A Surge in Clout Along the Gulf Coast
Posted at 5:14 p.m. on May 3
Gauging congressional clout is arguably an enterprise that falls somewhere between happy hour argument and inexact science. But it’s happening almost constantly on Capitol Hill. Roll Call has tried to help the conversation along for many years now by taking objective stock of every delegation’s potential sway in each of the past dozen Congresses.
The latest iteration of the Roll Call Clout Index is now complete, and the story of how power has shifted in the 113th Congress is clear: The states that anchor the Gulf Coast have much more stroke than ever before. Play this nifty interactive graphic to see why.
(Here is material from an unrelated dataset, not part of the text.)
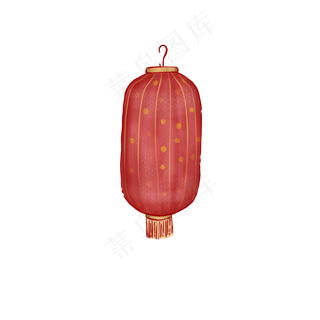 中国风 手绘 卡通元素 传统 复古红 灯笼装饰 PNG 免抠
The behemoth California delegation readily emerges as, by far, the most powerful of them all — just as it did two years ago, a decade ago and when the index was first created in 1990.
But the three states with the next highest scores all have beaches along the Gulf of Mexico.
Texas, which has grown to have easily the second-largest delegation at the Capitol, maintains its perennial hold on one of the top three spots. But third-most-populous Florida has advanced from sixth place to second since 2011. And Louisiana, even after losing a House seat this year because of post-Hurricane Katrina population losses, has not only broken into the top 10 for the first time but has surged all the way to No. 4.
Beyond that, the analysis found the two other states along the Gulf punching well above their weight. The delegation from Mississippi, at 31st in population, nonetheless got the 15th highest clout score, barely edging 23rd-most-populous Alabama.
Taken together, the numbers are a powerful signal that the region is better positioned than ever before to get what it wants out of Congress the next time a natural disaster strikes. Its lawmakers will have an easier time triumphing over the budget-cutting conservative sentiments in the House that so famously slowed the delivery of the Superstorm Sandy federal relief package to the Northeast for a dozen weeks.
(That said, the New York delegation maintained its constant hold on a spot in the top five, and New Jersey re-entered the top 10 after a long absence.)
Roll Call’s weighted formula for assessing each state’s measure of potential influence in Congress takes into account the size of its delegation, the number of lawmakers in the majority caucuses, the delegation’s collective Senate and House seniority, whether any top leaders hail from the state, its ranks of committee chairmen and ranking minority party members, its assignments to the most influential committees and the amount of federal spending per capita in the state.
It will be tough to depose the California delegation, which represents 1 in 8 Americans, from its top spot under that rubric. Even though there are 14 freshmen from the state — the result of an incumbent-neutral redistricting and a new jungle primary election system — the delegation began the year with a combined 325 terms under its belt in the House and more collective Senate seniority than all but two other states.
Members of the California delegation chair six different committees, hold ranking minority seats on four others, have 17 spots on the exclusive panels and Majority Whip Kevin McCarthy, Minority Leader Nancy Pelosi and Democratic Caucus Chairman Xavier Becerra claim three top House leadership positions.
The only thing holding California’s score down is a middle-of-the-pack $7,600 in per capita spending in fiscal 2011, according to the most recent data available from the Census Bureau.
It was on that front that all the Gulf Coast states did particularly well, because of a combination of factors including government contracting, the presence of federal agency outposts and property, and one-time infusions of federal assistance.
The numbers show that, even at a time when the practice of earmarking has come close to eradication from the congressional culture, the relative dollars allocated among the states varies enormously. And, whether through legislative sleight-of-hand or advocacy in the shadows, members of Congress still have a decent amount of influence at the margins for steering cash toward home.
And this is where Florida and Louisiana both lapped the field in the current study. The government spent $30,500 for each person in both of those states two years ago, 60 percent more than the state that did third best (Hawaii, at $18,200) in the balance of payments calculation.
Florida looks to have put its delegation size and bipartisan nature to relatively good use, though its clout would be far less without that giant federal spending number. Its 29 members hold a modest three gavels, including the pair that Republicans C.W. Bill Young and Ander Crenshaw wield on still-influential House Appropriations subcommittees, and only nine seats altogether on the exclusive committees.
The Louisiana story is more illustrative of how a relatively small state can throw considerable weight around the Capitol if the delegation plays the internal politics right.
Approaching the end of her third term, Democratic Sen. Mary L. Landrieu has claimed the gavel of the Small Business and Entrepreneurship Committee, and her Senate colleague David Vitter, after less than two terms, is the top Republican on Environment and Public Works. Having a lopsidedly Republican delegation in the GOP House has helped four of the state’s six congressmen secure seats on the most influential committees, the ones that have the most to do with helping the state’s oil and gas economy: Appropriations, Ways and Means, and Energy and Commerce.
It’s little surprise the delegation has entered the ranks of those with the most built-in clout. For Landrieu especially, who’s in line to claim the Energy and Natural Resources chairmanship in two years, it will be no surprise when these lawmakers run in 2014 with the pitch that an ant-incumbent mood is not in the voters’ enlightened self-interest.